**Material for this task**
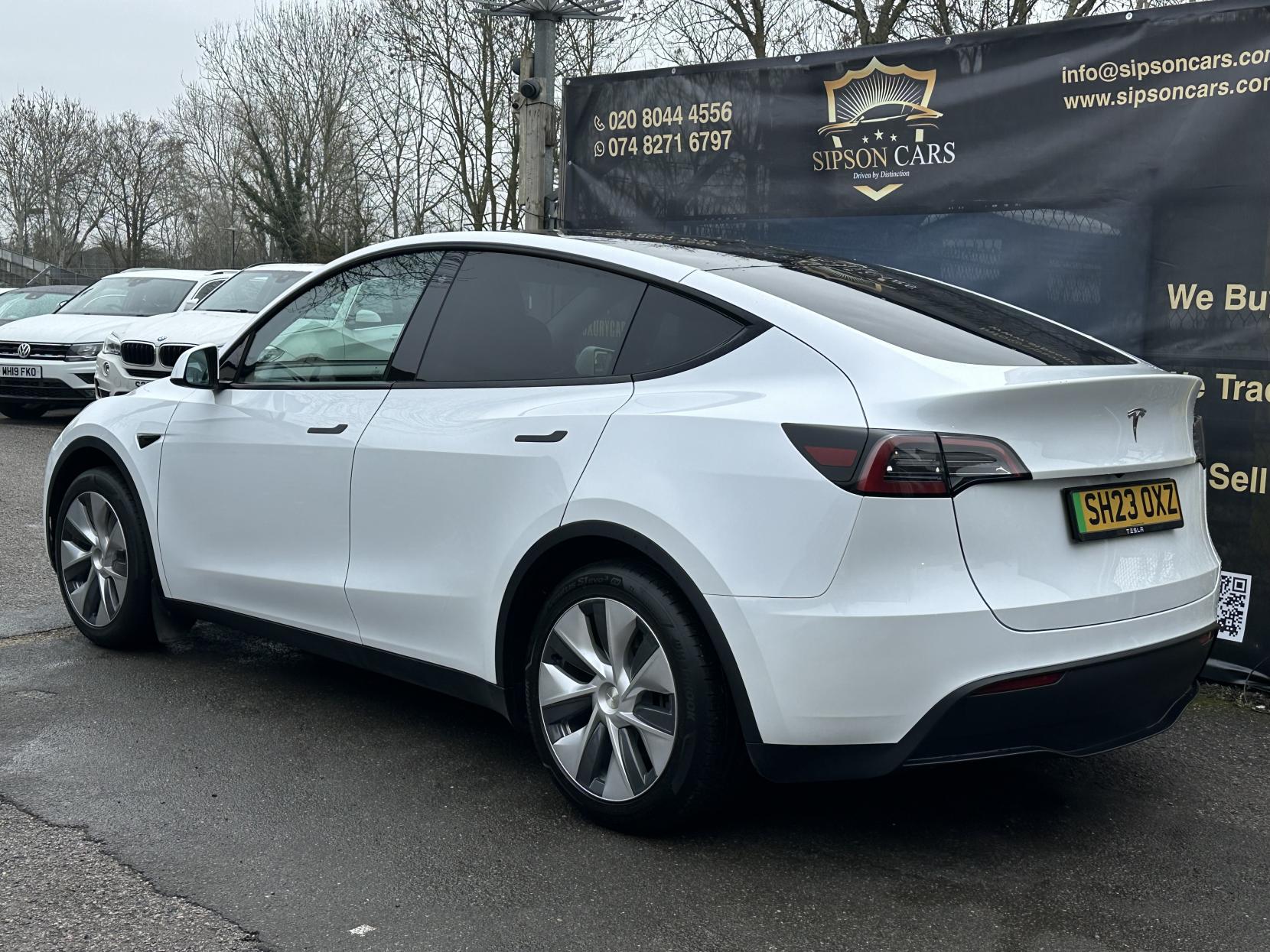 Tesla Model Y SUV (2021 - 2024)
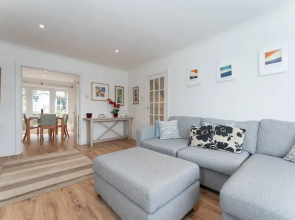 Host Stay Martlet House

* * *

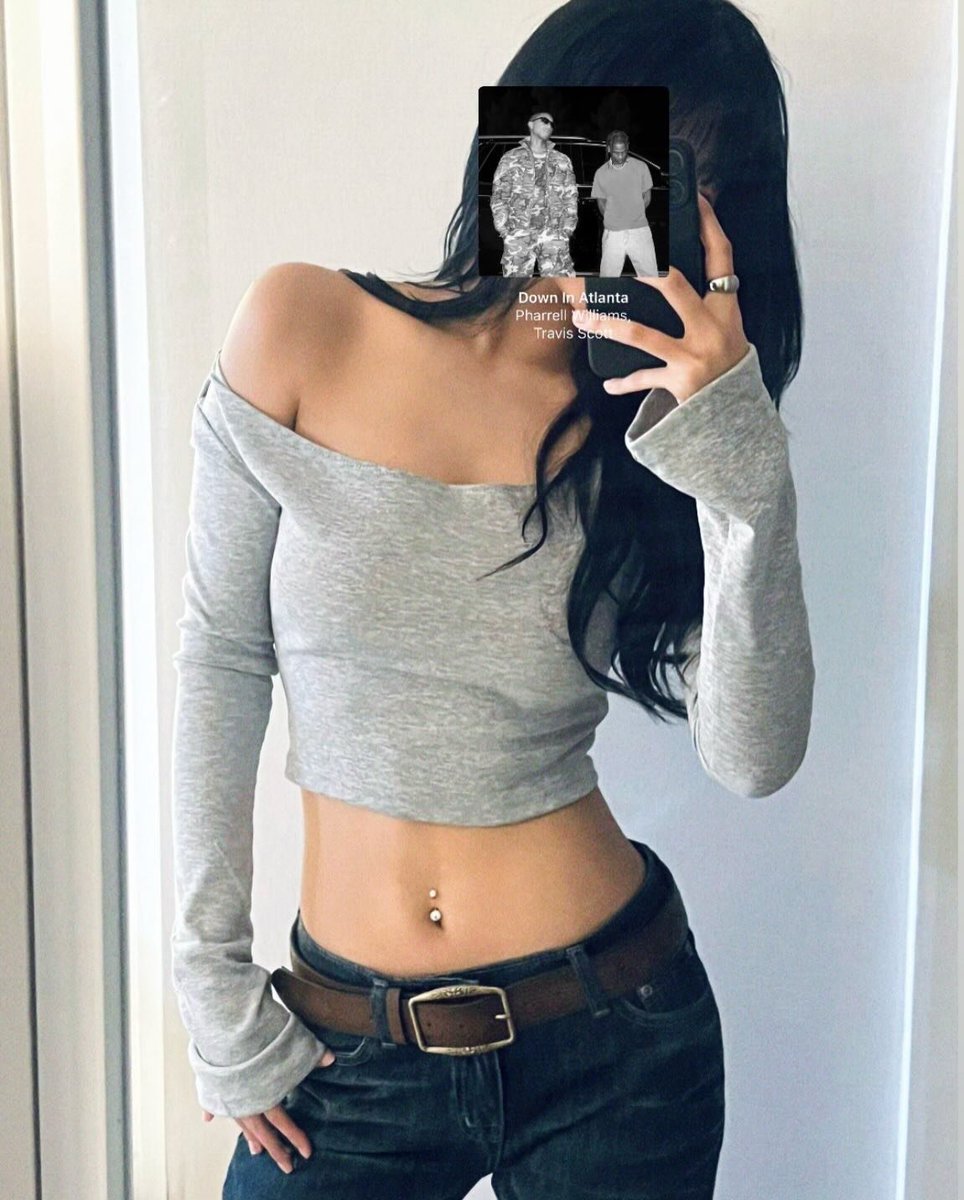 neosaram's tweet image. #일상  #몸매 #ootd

==

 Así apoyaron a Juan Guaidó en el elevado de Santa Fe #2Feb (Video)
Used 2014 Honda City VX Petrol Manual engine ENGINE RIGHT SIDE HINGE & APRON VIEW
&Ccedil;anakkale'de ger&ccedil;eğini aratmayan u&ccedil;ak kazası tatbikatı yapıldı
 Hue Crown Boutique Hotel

**Goal of the exercise**
Using the records above, return word for word the lines that begin at the one containing "Tesla Model Y SUV (2021 - 2024)" and end at the one containing "Host Stay Martlet House", both of them included and no pictures.

**Answer box**
 Tesla Model Y SUV (2021 - 2024)
 Host Stay Martlet House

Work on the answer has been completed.